L’estrema sinistra riunita a Oaxaca dice di aver paura di far la fine degli zapatisti del vicino Chiapas. «Temo tanto rumore per nulla» sintetizza con un gran sorriso Leticia, maestra militante nel sindacato 22, cellula dissidente dell’elefantiaca organizzazione di categoria degli insegnanti considerata «il covo degli intellettuali organici dell’ultima ribellione messicana» anche se a Oaxaca da almeno dieci anni chi decide ogni passo delle varie insurrezioni popolari sono gli indios delle comunità delle montagne che controllano gli accessi al centro, decidono cosa occupare e quando, gestiscono la sicurezza.
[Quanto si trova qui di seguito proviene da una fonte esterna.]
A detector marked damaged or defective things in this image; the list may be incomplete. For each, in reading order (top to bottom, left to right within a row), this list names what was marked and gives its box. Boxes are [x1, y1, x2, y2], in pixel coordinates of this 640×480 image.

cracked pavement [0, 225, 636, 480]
Per capire cosa significhi per loro la vittoria di Obrador alle elezioni, bisogna fare un passo indietro. Già nel 1988 Cuauhtemoc Cardenas, il candidato di un vasto schieramento progressista, sembrava aver vinto le elezioni, ma durante lo scrutinio un provvidenziale black out interruppe il conteggio dei voti. Quando tornò l’energia elettrica, Cardenas si ritrovò al secondo posto. Il Messico fu sull’orlo di una guerra civile, ma Cardenas scelse la via pacifica e lo schieramento che lo sosteneva si trasformò nel Partito della rivoluzione democratica (PRD). Il governo che si insediò, presieduto da Carlos Salinas de Gortari, realizzò una riforma costituzionale per preparare il paese all’ingresso nel Nafta (il trattato di libero commercio con Usa e Canada). Nella riforma venne cancellato il diritto di proprietà collettiva sulla terra delle comunità indigene.
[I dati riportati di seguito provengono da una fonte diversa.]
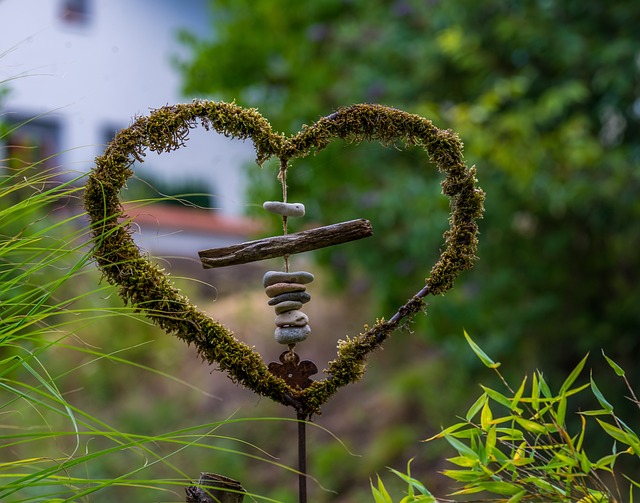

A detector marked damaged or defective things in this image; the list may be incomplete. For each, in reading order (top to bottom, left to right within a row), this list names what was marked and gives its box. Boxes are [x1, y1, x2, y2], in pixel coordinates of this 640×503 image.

rusty metal rod [198, 220, 372, 270]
Lo stesso giorno dell’entrata in vigore del Nafta, il Capodanno del 1994, una parte delle comunità indigene del Chiapas si dichiarò in «insurrezione armata». Molto mal armati, ma abilmente diretti nelle strategie di comunicazione con le sinistre di mezzo mondo dal loro leader mediatico che si firmava subcomandante Marcos, gli indigeni zapatisti riuscirono ad attirare l’attenzione dell’opinione pubblica internazionale. Il governo dovette accettare un negoziato. Intanto Cardenas perse le elezioni e il nuovo presidente Ernesto Zedillo disattese un primo accordo di pace firmato con gli zapatisti che prevedeva una riforma costituzionale. Alla rottura delle trattative seguirono anni di guerra di bassa intensità con occupazione militare dei territori indigeni del Chiapas, massacri e persecuzioni di ogni tipo. Fino alle elezioni del 2000.

L’ex dirigente della Coca Cola Vicente Fox del PAN, Partito di azione nazionale, un partito conservatore di destra, conquistò in quella fase politica il ruolo di innovatore. Fox vinse e promise di «risolvere la questione del Chiapas in quindici minuti». Disse che avrebbe usato la via politica. Gli zapatisti allora, dopo aver fatto arrivare in marcia dal Chiapas a Città del Messico i capi indigeni, ottennero il risultato storico di parlare in aula, con i loro passamontagna, nel parlamento messicano. Fox assicurò di accogliere le loro richieste, incluso il riconoscimento delle istituzioni comunitarie e il diritto alla terra. Gli zapatisti tornarono allora nella Selva ed attesero. Attesero.

«Sono ancora lì che aspettano – dice Leticia – vorremmo evitare di fare la stessa fine».